Lean Methodology & Creative Industries – How creative entrepreneurs can transform their ideas into sustainable businesses
HELEN SIMONDSON, Head of ACMI X Co-Working Space and Foundry658 Lead at ACMI
A startup ecosystem is critical to entrepreneurship: it offers tools, advice, networks and support often via meetups, incubators, business accelerators and co-working spaces. During my time managing ACMI X, the first Museum led creative industries co-working space in Australia, it has become clear that few creative practitioners engage directly with startup culture.
This is reinforced by how few creative industries business accelerators there are in the world.
With so many scalable creative business ideas out there and an industry valued at $23b in Victoria alone, we’re thrilled to redefine the role of creatives in the startup space and demystify the business process for entrepreneurial artists through the Foundry658 accelerator program.
Best practice startup programs employ the lean methodology. And when delivered as a practical business accelerator, founders can gain measurable business traction in a very short space of time.
Lean originated in Silicon Valley, the epicenter for innovation tech and the startup world. Seasoned Silicon Valley entrepreneur Steve Blank and later Eric Riess, distilled the entrepreneur’s experience, along with lessons from lean manufacturing and agile management to formulate the Lean Startup Methodology.
Lean turns traditional business methods on its head. Rather than starting with a business model, the entrepreneur goes to market in search of a business model.
The genius of the method is in the searching.
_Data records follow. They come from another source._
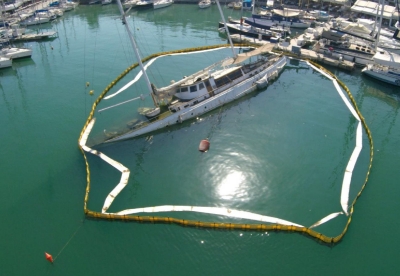 https://www.oilspillresponse.gr/wp-content/uploads/2024/05/sucessp400x276-2.jpg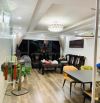 BÁN NHÀ YÊN HÒA 39M2- 5 TẦNG- NGÕ THÔNG- KINH DOANH- Ô TÔ ĐỖ CỬA – GIÁ 13.5 TỶ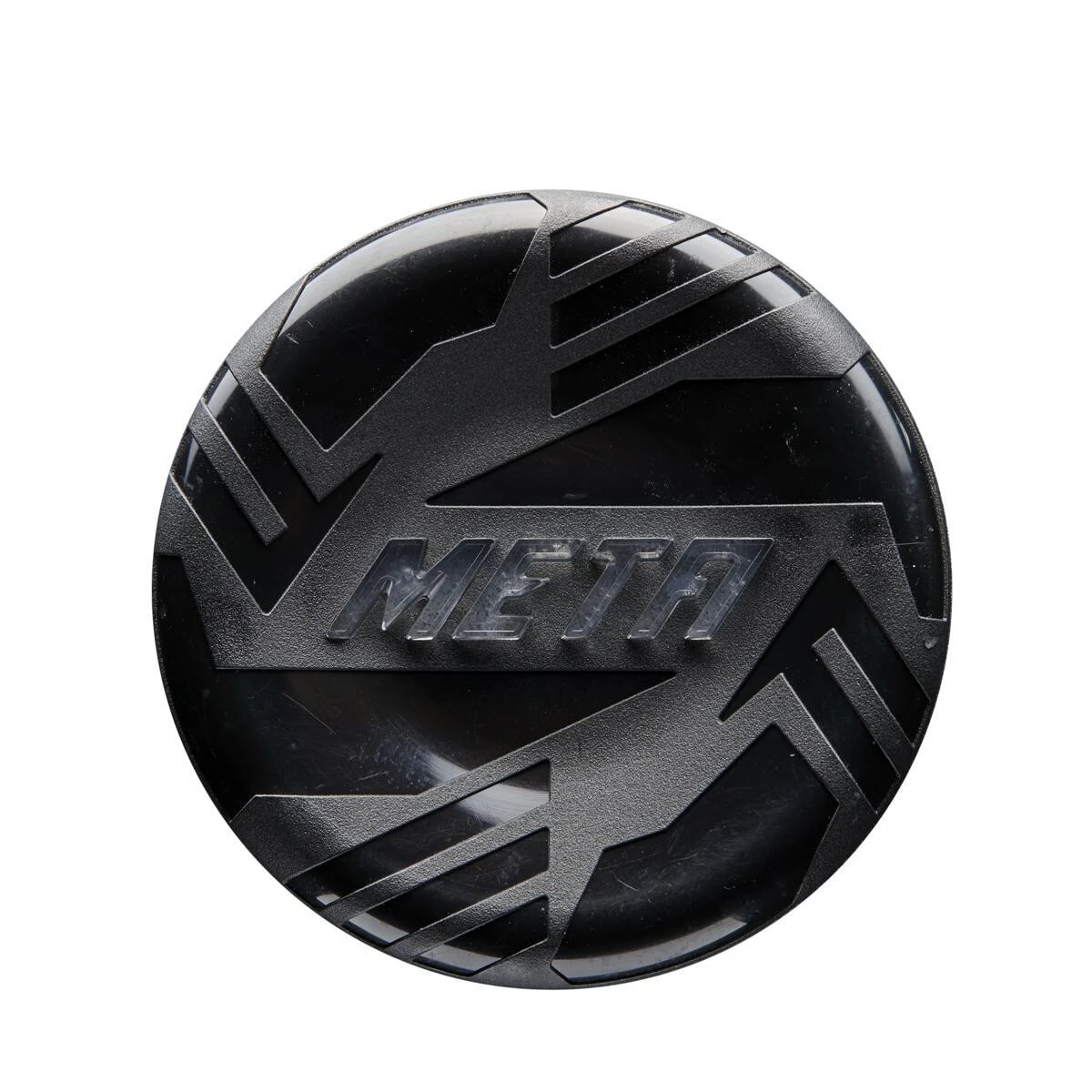 2021 Louisville Slugger META (-10) USSSA Baseball Bat: WBL2467010 - Image 8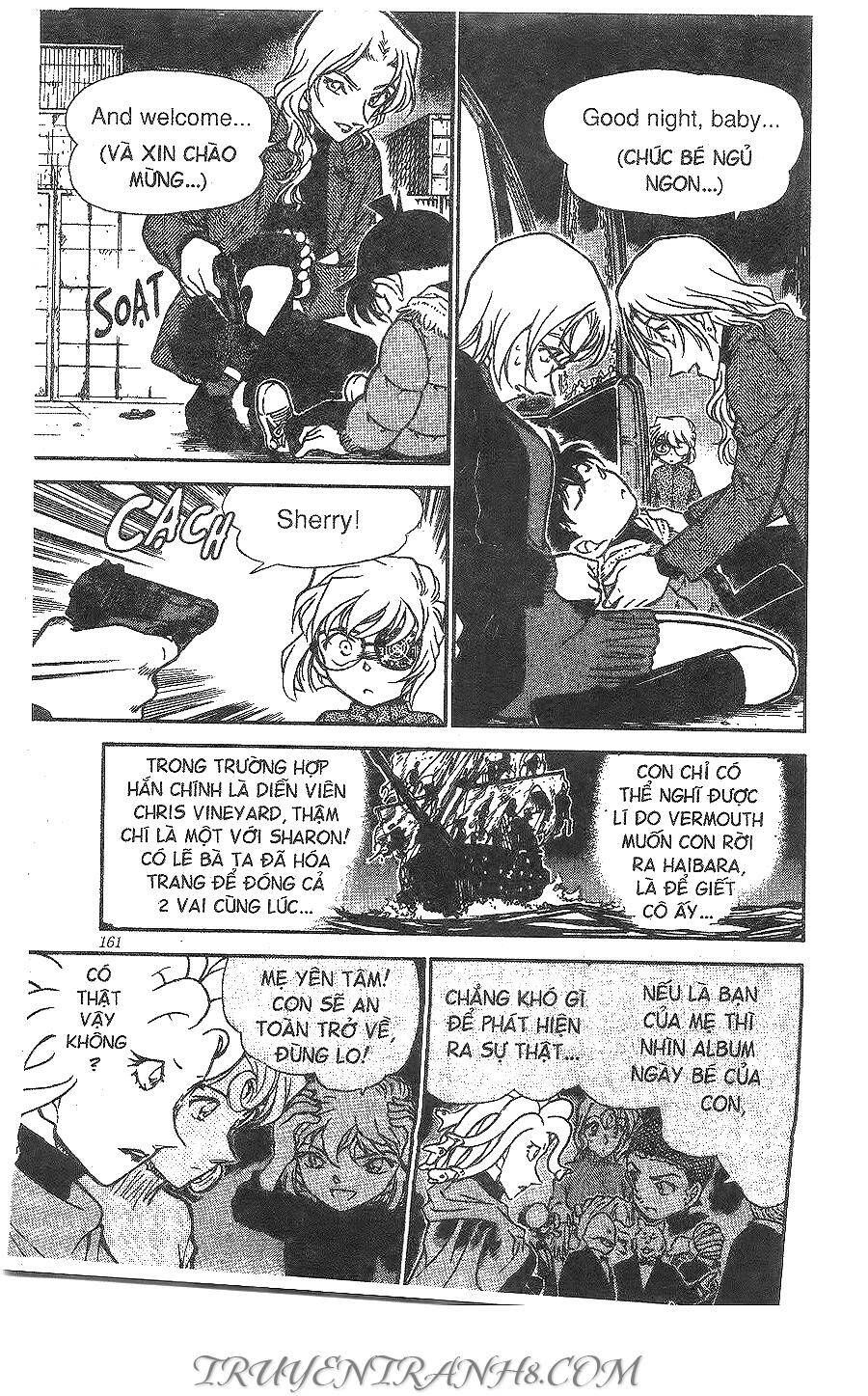 Chapter 434 - 9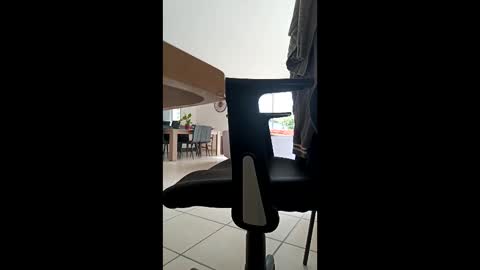 Snapshot of jefffman_74 chatting on May 10, 2026, 9:03 am jefffman_74 online show from May 10, 2026, 9:03 am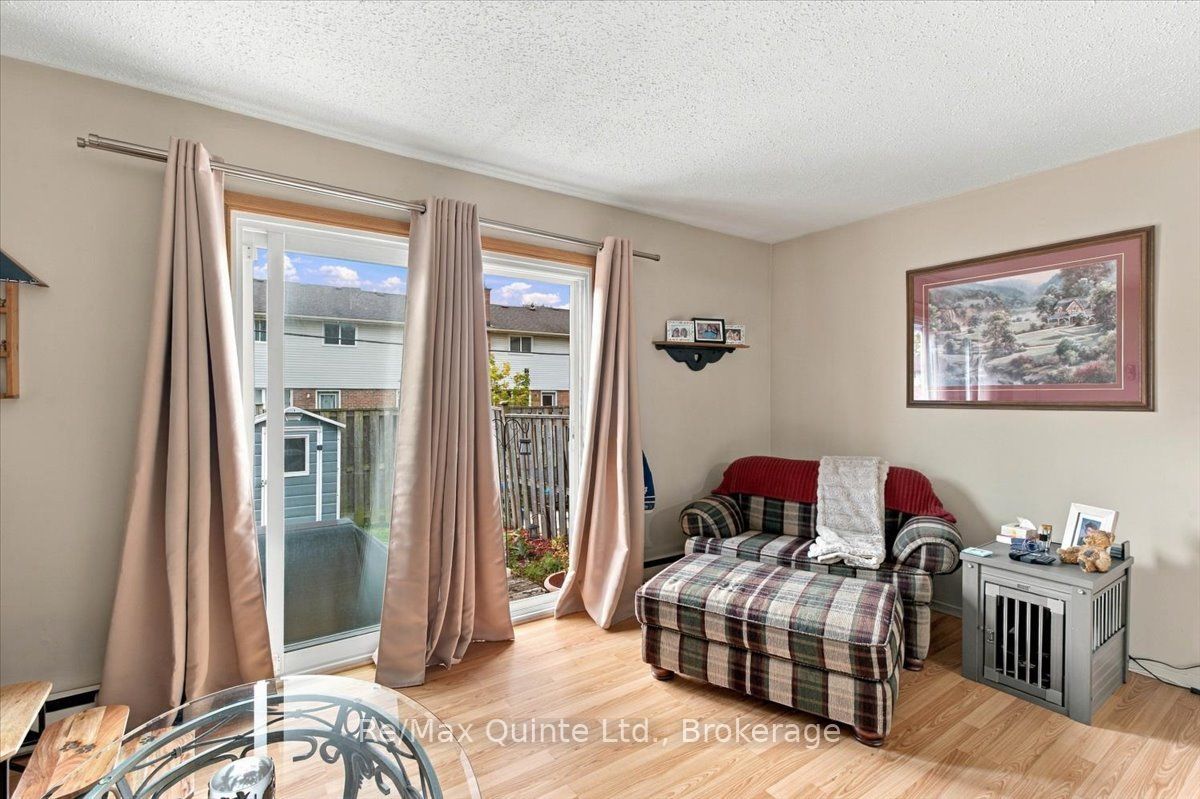 17 Tiffany Place 17 Property Photo 8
By testing assumptions and analysing the market feedback, it offers a clever roadmap to get products and services to market, often much faster and cheaper than traditional business processes.
You don’t need years of business experience. It is a simple repeatable method that focuses on creating products and services that have a strong market fit. A compelling way to build a sustainable and ultimately scalable business.
It has been fascinating to see how our Foundry658 teams ‘take to lean’. While the method is straight forward, the difficultly lies in the paradigm shift required by the creative founders.
Many thrive on collaboration, they constantly iterate and can very resourcefully get their products to market (all part of the entrepreneurial tool kit). But they find the premise of going out to market to validate their initial idea challenging.
Those with a background in design thinking are strong at the experiment design (build and learn), process but often have not had the experience of the first critical step in ‘lean’, which is to sense check their concept, finding a clear problem:solution fit.
For those who are used to generating ideas they find the initial customer discovery stage fairly alien, but as they step up to the challenge and gather the feedback data, they gain more confidence and nuance about their product or service. Every step supports their burgeoning journey as a creative entrepreneur.